By NT Balanarayan on May 19th, 2014 | 3 Comments Email Email anonymous tip off
Modak Analytics, a Hyderabad-based web analytics company, claims to have created a “big data based Electoral data repository” after scraping information of 81.4 crore voters from Election Commission website. The company now plans to analyze this data to help parties or candidates “raise funds, design a tailored communication to target a select few voters, rework advertisements and create detailed models for voter engagement in battleground states as well as in gender and voter clusters to increase the power of micro-targeted strategy,” the company said in a statement to the Economic Times.

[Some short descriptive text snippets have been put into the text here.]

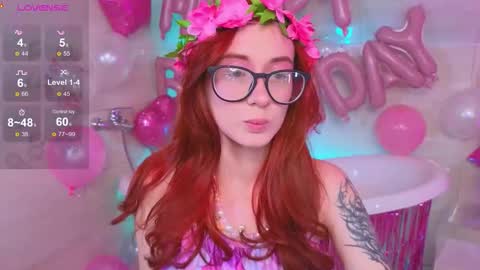 Snapshot of dark_lola_ chatting on 09/23/25, 03:20 Lola online show from 09/23/25, 03:20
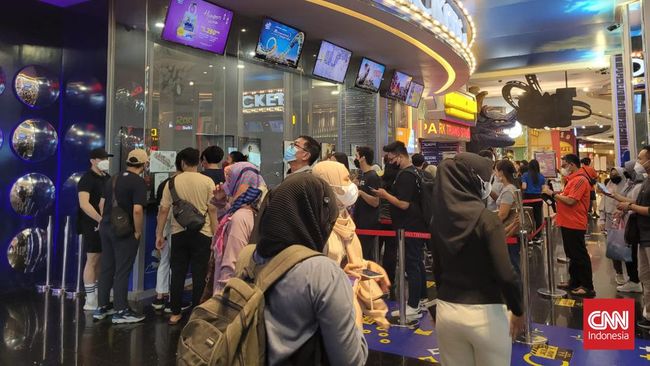 Aksi menegangkan sword swallower kelas dunia Alex Magala dapat disaksikan secara langsung dalam pertunjukan spesial Trans Studio Cibubur.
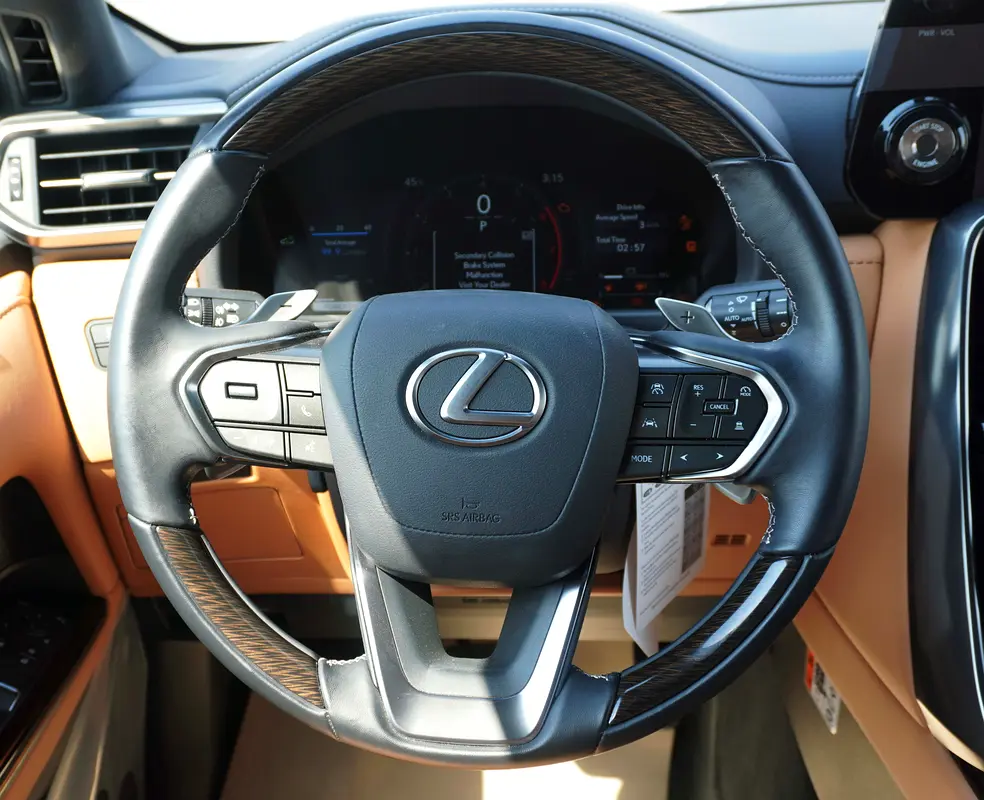 واردات Lexus LX Series 2026 از دبی — منطقه آزاد کیش و قشم — خودرو Lexus — تصویر 20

A sample of the information is on its website (pdf ). For a constituency, Modak Analytics was able provide a caste-based split, the number or percentages of Muslim voters in a constituency, show a break-up in terms of age, and list constituencies with the most celebrities. The company claims it used in-house automation technologies to scan through nine lakh PDFs, with 2.5 crore pages get details of all the others. Its biggest challenge? The extraction and transliteration of the information, so that it could be merged with other systems.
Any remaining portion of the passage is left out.